It was a restaurant in Guanzhou, China. I couldn't speak enough Chinese to order anything. (My Chinese is limited to "Excuse me, foreigh devil.") The waiter couldn't speak English. So he brought me sweet and sour pork. (They've learned that's a safe bet with westerners.)
I didn't eat there again. No hard feelings. And the pork was okay. But I wanted to be able to order from the whole menu. So, in future, I made sure to pick a place with an English menu.
On a related topic, there are two good letters from Sebastien Emard and Sylvain Cyr in Letters to the Editor. I don't agree with them in that I don't agree that the language of commercial signs should be imposed by law. But the two letters are reasonable in tone, and well-written. They're discussable.
However, there is also a third letter. Sign Law is use of force. This one shows how far off the rails such an argument can get. It invokes how our veterans fought for freedom of expression. Well, that's a crock from the start. Our freedom of expresseion was never threatened in any war. That has nothing to do with the issue.
Nor is bilingualism forced on us, at least not if we're English. French pretty well have to learn English to survive. That's not law, just a practical matter.
Then we get the reference to culture. Please, if we must get into a language debate, let's forget the word culture. Nobody know what it means. Exactly what is the Acadian culture of the ;province? What is the English culture? If any of us were to meet any of our ancestors of 500 years ago, we'd have almost nothing in common. Heck, it can be tough enough with parents.
For that matter you can find masses of cultural differences between any two social groups of Acadians - or any two social groups of English. I don't have the same culture as Mr. Alward. (Thank God for small mercies.)
There is no such thing as a neat, little culture, a sort of package. There is also no such thing as preserving a culture. If we did, we'd still be cutting down trees with stone axes. The world changes. You and your culture change with it. If you don't, then neither you nor your culture survives at all. Both sides in the language debate should understand that.
That said, I oppose resort to a sign law for private business. I should certainly like the signs to be there. But doing it by law breeds precisely the over-the-top reaction we read in "Sign law is a use of force."
I had hoped the business owners of Dieppe would have the intelligence and courtesy to make that small and simple guesture on their own. I was wrong to hope. Let's forget the language war. Nobody can win that one. Let's all concentrate on the civilization deficiencies and juvenile behaviour being displayed by those businesspeople in Dieppe.
(I will forgive Jody Dallaire for using the word culture in her column. She writes a solid column every time. I cringed when I saw 'culture' in her headline. But the column is still a good one - just don't do it again, Jody.)
Norbert Cunningham, alas, goes back to writing a harsh column on a subject he knows nothing about.
I don't have space to go into all that he doesn't understand - the student strike in Quebec.
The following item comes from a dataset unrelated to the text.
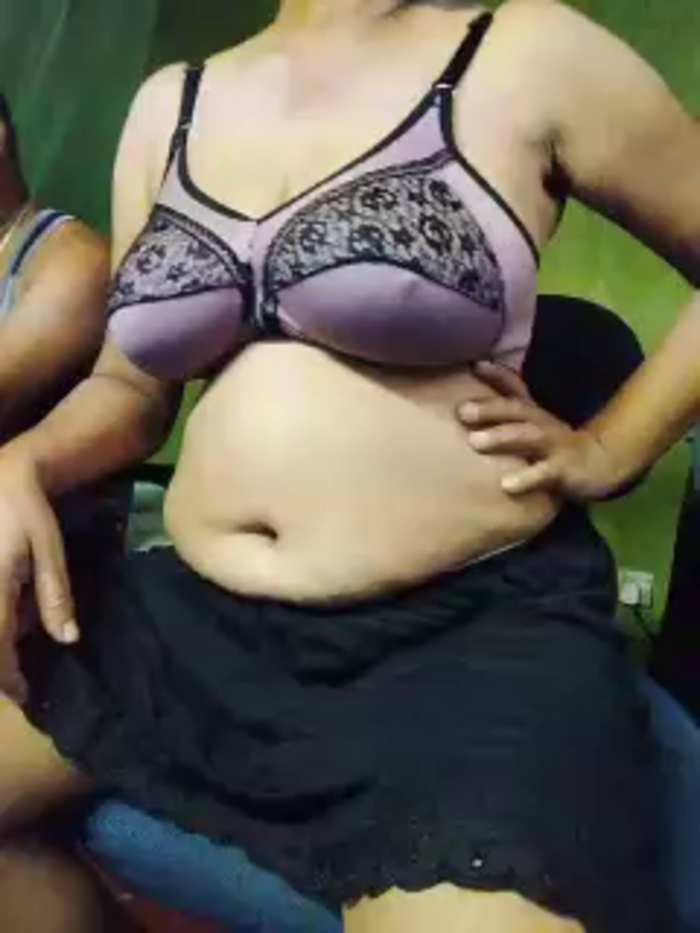 bala73162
But briefly, the universities are a mess. They are weighted down with education ideas that developed centuries ago, when only the rich got to university - and when getting a degree was pretty much routine whether you went to classes or spent your time drunk. (That was still true well into the nineteenth century.) Universities are also mired in pretension, status-obssession, and public posturing that have driven their costs skyward - while they fail to address even the simplest issues of teaching.
That has also, and increasingly, led to them falling under the control of the billionaires of this world - whose interest in freedom of thought (and of most learning of any sort) is minimal.
Some of the poor get to university (even to Queen's. I did - eventually), but most don't. And it's not just money. It's also because so much of our education from kindergarten is affected by social class. Some go to private schools (commonly those kids who are both rich and slow because they need more help). Some go to public schools in districts where the parents provide an environment that encourages learning, and which sees advanced learning as natural. Some go to schools where most of the kids come from quite a deprived background. And that makes one hell of a difference in academic performance - and in getting to university.
Social class, family background, income, expectation, university posturing and indifference to education, business interest in converting universities into places of serving business rather than encouraging free thought ( along with the incompetence of the universities to teach thinking) are all bubbling away in the same pot.
It's worse in New Brunswick where governments have made it clear they don't give a damn about stimulating (or even allowing) intellectual life and independent thought, where libraries don't have enough money to provide adequate programmes, where nobody seems to give a damn about intellectual life outside the cities (or even inside them.)
Yes. If you look at the specific demands of the students in Quebec who are striking, it is easy to dismiss them. But they, too, like Norbert, don't grasp all the forces that are at work here.
There are huge problems coming crashing down on education in Canada. The public schools, to their credit, have made efforts to address them. Universities and governments haven't lifted a finger. Like it or not, this is going to get worse.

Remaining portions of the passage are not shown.